_YOUR TASK_: Somewhere below are a line with "Used 2023 Jeep" and a later line with "Does not hurt hands-Oyster shucking clamp". Output exactly those lines and all lines between them.
------ SUPPLIED RECORDS
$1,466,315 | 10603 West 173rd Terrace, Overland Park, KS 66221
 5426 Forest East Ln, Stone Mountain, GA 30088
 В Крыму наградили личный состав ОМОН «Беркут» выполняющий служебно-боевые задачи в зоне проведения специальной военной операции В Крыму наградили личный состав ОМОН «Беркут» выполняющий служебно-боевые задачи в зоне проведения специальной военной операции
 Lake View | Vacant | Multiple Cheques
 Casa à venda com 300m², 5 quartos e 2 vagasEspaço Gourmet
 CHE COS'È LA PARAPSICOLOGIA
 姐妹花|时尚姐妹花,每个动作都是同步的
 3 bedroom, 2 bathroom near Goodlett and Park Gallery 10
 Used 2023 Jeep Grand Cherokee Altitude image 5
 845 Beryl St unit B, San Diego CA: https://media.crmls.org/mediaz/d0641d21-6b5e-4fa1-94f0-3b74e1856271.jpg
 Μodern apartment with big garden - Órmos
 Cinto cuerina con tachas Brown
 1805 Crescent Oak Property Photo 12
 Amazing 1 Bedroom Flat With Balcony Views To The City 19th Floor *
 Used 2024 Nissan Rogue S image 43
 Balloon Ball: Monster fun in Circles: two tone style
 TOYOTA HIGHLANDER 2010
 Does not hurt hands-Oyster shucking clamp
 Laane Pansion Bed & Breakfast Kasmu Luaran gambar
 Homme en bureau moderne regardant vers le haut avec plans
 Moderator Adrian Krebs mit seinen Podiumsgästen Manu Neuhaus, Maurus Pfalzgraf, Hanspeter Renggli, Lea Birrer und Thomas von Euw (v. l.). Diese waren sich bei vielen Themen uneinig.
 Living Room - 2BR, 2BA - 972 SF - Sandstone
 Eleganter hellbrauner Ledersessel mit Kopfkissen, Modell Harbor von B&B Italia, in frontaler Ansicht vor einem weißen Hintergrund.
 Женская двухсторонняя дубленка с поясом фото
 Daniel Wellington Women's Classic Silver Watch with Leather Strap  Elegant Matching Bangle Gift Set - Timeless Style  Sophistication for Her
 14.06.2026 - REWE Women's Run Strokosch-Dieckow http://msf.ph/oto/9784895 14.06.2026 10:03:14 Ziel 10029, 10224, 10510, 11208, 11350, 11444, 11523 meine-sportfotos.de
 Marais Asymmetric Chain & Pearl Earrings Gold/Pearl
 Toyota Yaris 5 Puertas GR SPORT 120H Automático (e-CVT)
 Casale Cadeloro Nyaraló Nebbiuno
------------
_ANSWER TO THIS TASK_:
 Used 2023 Jeep Grand Cherokee Altitude image 5
 845 Beryl St unit B, San Diego CA: https://media.crmls.org/mediaz/d0641d21-6b5e-4fa1-94f0-3b74e1856271.jpg
 Μodern apartment with big garden - Órmos
 Cinto cuerina con tachas Brown
 1805 Crescent Oak Property Photo 12
 Amazing 1 Bedroom Flat With Balcony Views To The City 19th Floor *
 Used 2024 Nissan Rogue S image 43
 Balloon Ball: Monster fun in Circles: two tone style
 TOYOTA HIGHLANDER 2010
 Does not hurt hands-Oyster shucking clamp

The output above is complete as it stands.